The assessee filed return of income declaring Nil income on the contention that subscription fees received from various customers in India was neither in the nature of royalty or FTS and in absence of PE, was not taxable in India.

AO made addition considering the subscription fees received by the assessee in nature of FTS/royalty under the provisions of tax treaty.

Aggrieved, the asssessee appealed before Mumbai ITAT.

Issue

Whether subscription fees received for online database access is considered as FTS or Royalty under Article 12 of India-Germany DTAA?

Held

ITAT noted that the assessee has created a database relating to data collated from various chemical journals and articles, which were stored in a structured and user friendly manner for the customers/users on a subscription basis, without conferring any exclusive or transferable rights to the customer/user.

ITAT also noted that assessee has retained the exclusive right and ownership over intellectual property related to the product.

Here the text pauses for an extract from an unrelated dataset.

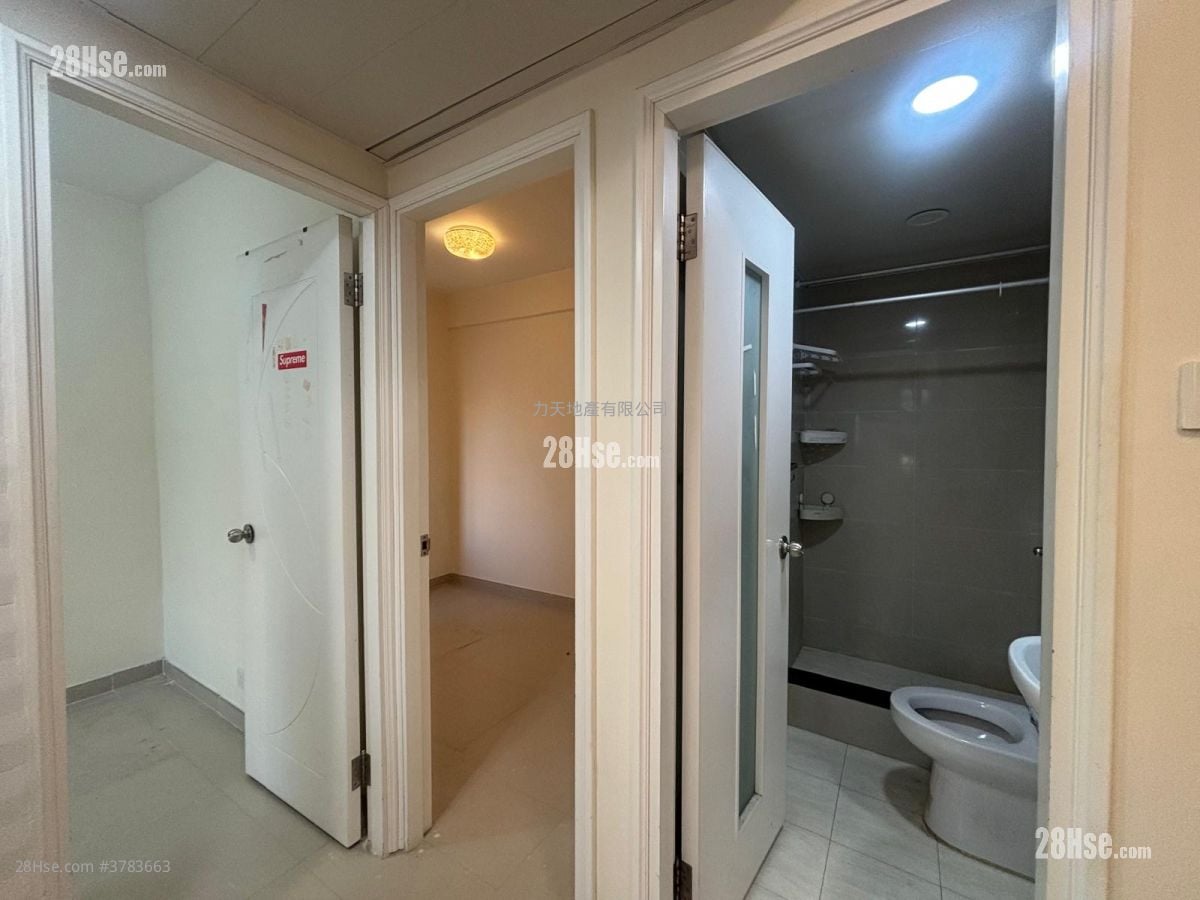 花园城 租盘 2 房 , 1 浴室 312 平方尺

ITAT held that the payment is for use of copyrighted article rather than for ‘use of’ or ‘right to use’ of copyright of literary, artistic or scientific work to its subscribers.

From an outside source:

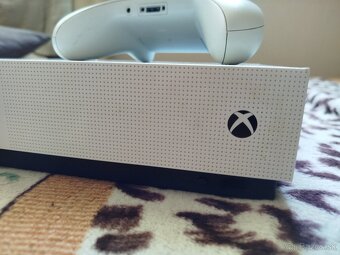 Predám Xbox one S All digital Edition - 2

Relying on AAR ruling in case of Dun and Brad Street Espana, S.A. and Ahmedabad ITAT ruling in case of Cadila Healthcare Ltd and Welspun Corporation Ltd, ITAT held that subscription fees received by the assesse for providing publicly available information cannot be treated as royalty.

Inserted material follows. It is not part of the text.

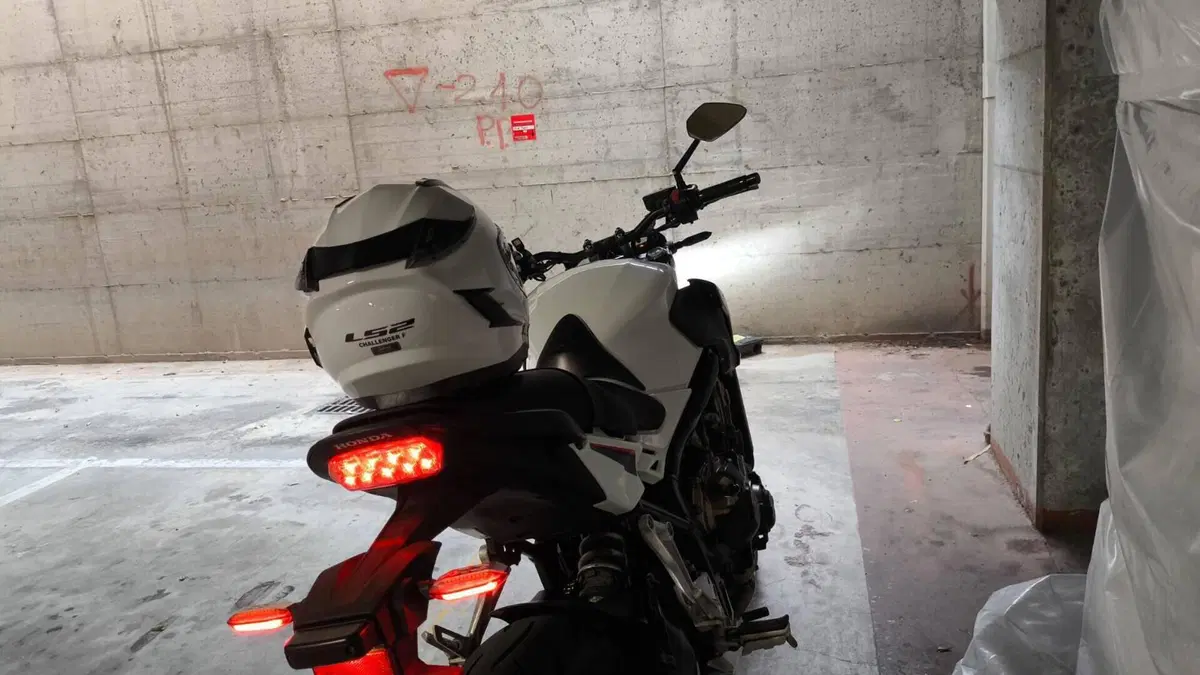 Honda CB 650 F (2017 - 18)  (6)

Relying on SC ruling in case of Bharati Cellular Ltd and A.P. Moller Maersk A.S, ITAT further held that the assessee has neither employed any technical/skilled person to provide any managerial or technical service nor is there any direct interaction between the customer/user of the database and the employees of the assessee so as to constitute the payment as FTS under Article 12 of DTAA.

ITAT thus ruled in favour of the assessee.

Linklaters vs. Dy. Director of Income Tax (IT), Circle-3(2) [TS-210-ITAT-2019 (MUM)] dated 16th April, 2019 Facts

The assessee company, a UK based law firm, was appointed as legal advisor for some of the projects in India and received fees from the clients in India towards legal consultancy services.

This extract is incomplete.